# Task
The whole listing that follows is to be restated word for word, images excluded.

# Collected data
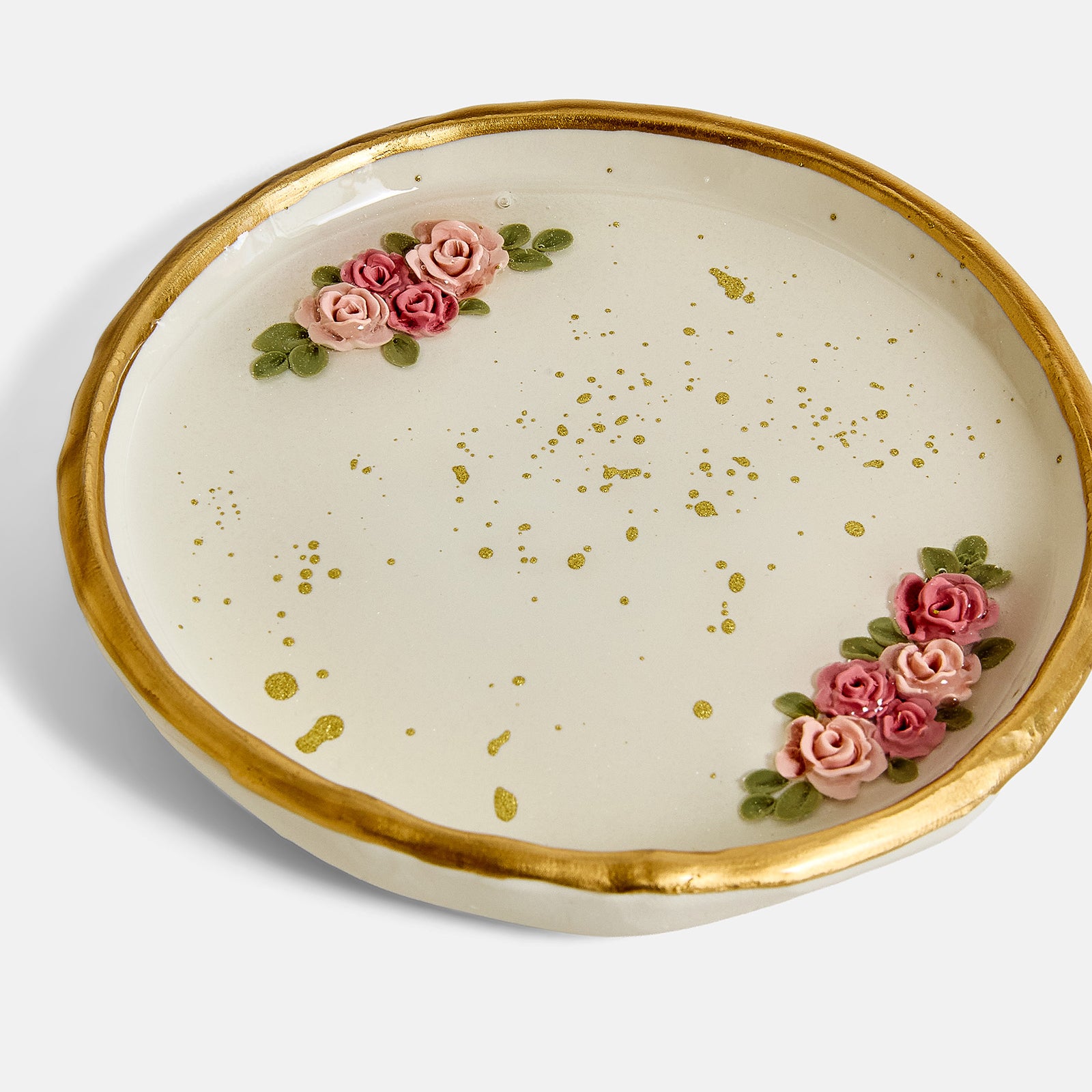 Ring dish with gold rim, pink roses, and gold speckles on a cream background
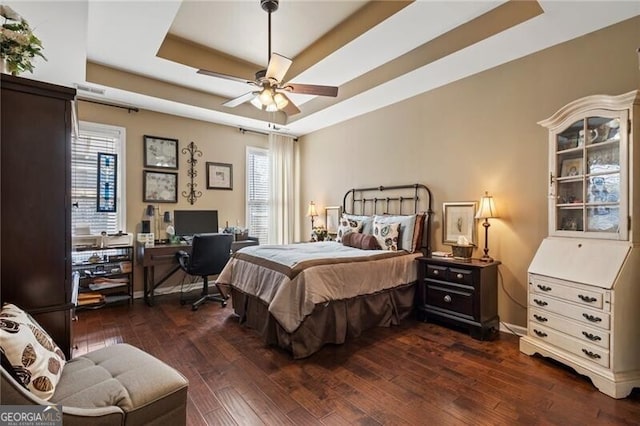 bedroom featuring dark wood-style floors, ceiling fan, multiple windows, and a raised ceiling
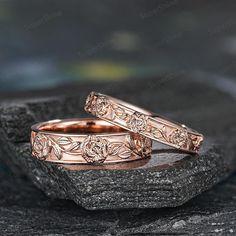 two rose gold wedding bands on top of a rock with the words love written in it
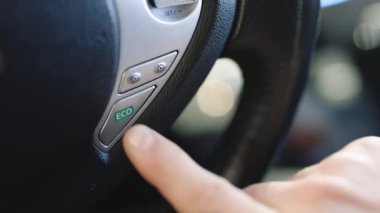 Elektrikli araba sürücüsü, eko düğmeye basıyor, direksiyon simidi, çevre koruması. Elektrikli arabadaki eko tuşuna bas.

# Your solution
 Ring dish with gold rim, pink roses, and gold speckles on a cream background
 bedroom featuring dark wood-style floors, ceiling fan, multiple windows, and a raised ceiling
 two rose gold wedding bands on top of a rock with the words love written in it
 Elektrikli araba sürücüsü, eko düğmeye basıyor, direksiyon simidi, çevre koruması. Elektrikli arabadaki eko tuşuna bas.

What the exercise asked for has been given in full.